» What you have to do: Copy out the entries below exactly as they stand, but only from the line containing "Above and Across London cover" through the line containing "Figurine Funko POP Moon Knight (Moon Knight)".
________
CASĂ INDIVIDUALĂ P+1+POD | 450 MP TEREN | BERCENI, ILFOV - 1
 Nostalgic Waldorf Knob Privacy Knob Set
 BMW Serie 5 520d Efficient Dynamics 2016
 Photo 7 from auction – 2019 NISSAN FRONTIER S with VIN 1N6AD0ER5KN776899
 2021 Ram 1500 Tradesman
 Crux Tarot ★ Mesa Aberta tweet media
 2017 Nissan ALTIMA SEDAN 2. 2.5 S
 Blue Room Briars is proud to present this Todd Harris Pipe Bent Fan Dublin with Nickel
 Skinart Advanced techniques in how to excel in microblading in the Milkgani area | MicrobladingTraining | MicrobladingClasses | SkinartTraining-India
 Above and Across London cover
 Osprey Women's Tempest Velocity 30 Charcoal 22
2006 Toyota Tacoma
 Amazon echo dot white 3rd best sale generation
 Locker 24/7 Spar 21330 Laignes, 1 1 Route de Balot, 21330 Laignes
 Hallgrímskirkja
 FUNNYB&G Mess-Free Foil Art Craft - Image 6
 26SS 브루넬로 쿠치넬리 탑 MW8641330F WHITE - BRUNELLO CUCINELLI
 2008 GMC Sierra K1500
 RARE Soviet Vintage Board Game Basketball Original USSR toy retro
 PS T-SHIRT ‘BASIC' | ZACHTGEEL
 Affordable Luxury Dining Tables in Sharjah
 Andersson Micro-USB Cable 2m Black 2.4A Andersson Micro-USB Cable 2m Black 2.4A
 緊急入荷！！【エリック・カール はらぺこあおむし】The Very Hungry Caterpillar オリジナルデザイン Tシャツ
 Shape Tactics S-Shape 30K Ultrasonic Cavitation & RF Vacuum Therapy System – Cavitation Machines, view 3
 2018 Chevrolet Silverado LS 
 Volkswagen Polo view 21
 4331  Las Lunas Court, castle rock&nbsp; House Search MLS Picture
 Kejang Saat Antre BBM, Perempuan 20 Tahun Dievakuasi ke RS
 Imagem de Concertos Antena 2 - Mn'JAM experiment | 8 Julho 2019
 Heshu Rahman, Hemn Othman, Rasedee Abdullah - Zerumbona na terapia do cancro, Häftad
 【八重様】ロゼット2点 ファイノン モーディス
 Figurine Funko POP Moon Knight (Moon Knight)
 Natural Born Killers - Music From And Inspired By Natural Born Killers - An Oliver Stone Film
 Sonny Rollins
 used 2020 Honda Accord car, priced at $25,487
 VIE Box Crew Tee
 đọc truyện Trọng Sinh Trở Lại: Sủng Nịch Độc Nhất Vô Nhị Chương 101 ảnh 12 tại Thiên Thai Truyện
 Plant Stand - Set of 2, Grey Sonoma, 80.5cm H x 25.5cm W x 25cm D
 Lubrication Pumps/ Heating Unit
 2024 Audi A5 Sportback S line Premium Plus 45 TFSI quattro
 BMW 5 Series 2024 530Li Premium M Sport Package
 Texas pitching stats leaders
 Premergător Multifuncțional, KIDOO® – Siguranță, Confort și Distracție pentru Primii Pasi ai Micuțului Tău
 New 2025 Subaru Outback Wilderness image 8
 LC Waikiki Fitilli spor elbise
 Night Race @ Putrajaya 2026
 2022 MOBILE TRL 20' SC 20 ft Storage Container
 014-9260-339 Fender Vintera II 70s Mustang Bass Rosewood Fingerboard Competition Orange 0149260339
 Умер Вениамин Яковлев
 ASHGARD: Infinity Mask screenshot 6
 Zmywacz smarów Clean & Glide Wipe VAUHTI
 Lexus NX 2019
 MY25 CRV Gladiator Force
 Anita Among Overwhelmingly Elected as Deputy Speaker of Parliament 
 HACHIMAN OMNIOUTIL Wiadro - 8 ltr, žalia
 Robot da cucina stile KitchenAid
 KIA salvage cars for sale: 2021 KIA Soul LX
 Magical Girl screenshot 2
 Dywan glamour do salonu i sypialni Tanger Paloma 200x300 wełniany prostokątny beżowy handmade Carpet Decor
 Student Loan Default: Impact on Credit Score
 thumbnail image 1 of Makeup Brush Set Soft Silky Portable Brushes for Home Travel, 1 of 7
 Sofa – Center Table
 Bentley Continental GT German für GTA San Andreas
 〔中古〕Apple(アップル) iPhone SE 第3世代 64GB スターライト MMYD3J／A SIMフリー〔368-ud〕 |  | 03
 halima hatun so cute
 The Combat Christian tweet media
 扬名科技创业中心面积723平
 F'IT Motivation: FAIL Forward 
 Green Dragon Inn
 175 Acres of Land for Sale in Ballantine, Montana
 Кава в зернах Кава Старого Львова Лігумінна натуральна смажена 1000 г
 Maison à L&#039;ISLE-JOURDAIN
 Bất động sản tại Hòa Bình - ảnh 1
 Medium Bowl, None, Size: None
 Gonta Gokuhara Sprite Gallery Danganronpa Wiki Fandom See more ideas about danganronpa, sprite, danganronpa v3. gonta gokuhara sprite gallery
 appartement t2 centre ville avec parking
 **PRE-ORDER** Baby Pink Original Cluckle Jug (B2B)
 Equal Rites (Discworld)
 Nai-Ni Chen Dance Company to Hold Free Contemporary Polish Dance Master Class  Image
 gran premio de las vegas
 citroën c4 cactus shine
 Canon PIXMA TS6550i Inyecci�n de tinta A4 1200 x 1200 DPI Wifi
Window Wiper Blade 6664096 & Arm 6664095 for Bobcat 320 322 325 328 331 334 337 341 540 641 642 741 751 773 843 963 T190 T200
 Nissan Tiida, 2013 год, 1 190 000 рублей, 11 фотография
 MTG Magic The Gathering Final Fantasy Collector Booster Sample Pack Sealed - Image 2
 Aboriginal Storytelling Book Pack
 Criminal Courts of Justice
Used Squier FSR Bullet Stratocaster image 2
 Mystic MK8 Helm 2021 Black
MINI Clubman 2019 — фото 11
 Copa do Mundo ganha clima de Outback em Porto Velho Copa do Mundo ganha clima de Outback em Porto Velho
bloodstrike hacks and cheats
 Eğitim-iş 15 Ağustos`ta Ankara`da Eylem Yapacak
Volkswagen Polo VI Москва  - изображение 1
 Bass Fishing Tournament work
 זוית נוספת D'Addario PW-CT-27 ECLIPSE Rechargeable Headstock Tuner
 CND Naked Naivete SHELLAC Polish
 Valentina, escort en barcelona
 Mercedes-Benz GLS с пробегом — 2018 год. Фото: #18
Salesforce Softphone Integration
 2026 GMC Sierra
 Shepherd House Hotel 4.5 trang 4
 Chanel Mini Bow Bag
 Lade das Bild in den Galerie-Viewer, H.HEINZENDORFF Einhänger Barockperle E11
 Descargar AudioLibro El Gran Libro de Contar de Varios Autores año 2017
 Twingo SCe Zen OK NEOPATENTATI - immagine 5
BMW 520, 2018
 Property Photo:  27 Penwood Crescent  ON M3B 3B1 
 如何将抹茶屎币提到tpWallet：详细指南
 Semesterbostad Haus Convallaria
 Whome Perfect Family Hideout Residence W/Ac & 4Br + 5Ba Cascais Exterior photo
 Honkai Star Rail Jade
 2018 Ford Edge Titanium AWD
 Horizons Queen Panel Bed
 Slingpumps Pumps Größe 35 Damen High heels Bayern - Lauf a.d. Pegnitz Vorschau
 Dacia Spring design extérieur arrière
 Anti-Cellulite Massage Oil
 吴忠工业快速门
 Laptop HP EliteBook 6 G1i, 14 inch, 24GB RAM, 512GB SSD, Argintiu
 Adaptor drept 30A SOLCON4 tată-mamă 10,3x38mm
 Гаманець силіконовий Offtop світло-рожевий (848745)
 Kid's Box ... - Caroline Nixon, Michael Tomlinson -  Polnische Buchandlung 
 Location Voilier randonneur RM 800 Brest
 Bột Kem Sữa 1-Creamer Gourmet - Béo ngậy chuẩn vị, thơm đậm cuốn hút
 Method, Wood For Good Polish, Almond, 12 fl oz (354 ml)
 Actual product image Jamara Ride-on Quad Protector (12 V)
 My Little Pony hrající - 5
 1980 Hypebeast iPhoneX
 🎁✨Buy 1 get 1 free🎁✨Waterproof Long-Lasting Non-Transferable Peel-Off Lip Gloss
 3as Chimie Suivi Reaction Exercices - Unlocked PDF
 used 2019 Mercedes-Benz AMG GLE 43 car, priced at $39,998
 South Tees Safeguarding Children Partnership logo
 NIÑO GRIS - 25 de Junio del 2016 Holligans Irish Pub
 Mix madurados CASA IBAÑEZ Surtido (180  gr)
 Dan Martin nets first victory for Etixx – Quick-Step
________
» Reply to the exercise:
 Above and Across London cover
 Osprey Women's Tempest Velocity 30 Charcoal 22
2006 Toyota Tacoma
 Amazon echo dot white 3rd best sale generation
 Locker 24/7 Spar 21330 Laignes, 1 1 Route de Balot, 21330 Laignes
 Hallgrímskirkja
 FUNNYB&G Mess-Free Foil Art Craft - Image 6
 26SS 브루넬로 쿠치넬리 탑 MW8641330F WHITE - BRUNELLO CUCINELLI
 2008 GMC Sierra K1500
 RARE Soviet Vintage Board Game Basketball Original USSR toy retro
 PS T-SHIRT ‘BASIC' | ZACHTGEEL
 Affordable Luxury Dining Tables in Sharjah
 Andersson Micro-USB Cable 2m Black 2.4A Andersson Micro-USB Cable 2m Black 2.4A
 緊急入荷！！【エリック・カール はらぺこあおむし】The Very Hungry Caterpillar オリジナルデザイン Tシャツ
 Shape Tactics S-Shape 30K Ultrasonic Cavitation & RF Vacuum Therapy System – Cavitation Machines, view 3
 2018 Chevrolet Silverado LS 
 Volkswagen Polo view 21
 4331  Las Lunas Court, castle rock&nbsp; House Search MLS Picture
 Kejang Saat Antre BBM, Perempuan 20 Tahun Dievakuasi ke RS
 Imagem de Concertos Antena 2 - Mn'JAM experiment | 8 Julho 2019
 Heshu Rahman, Hemn Othman, Rasedee Abdullah - Zerumbona na terapia do cancro, Häftad
 【八重様】ロゼット2点 ファイノン モーディス
 Figurine Funko POP Moon Knight (Moon Knight)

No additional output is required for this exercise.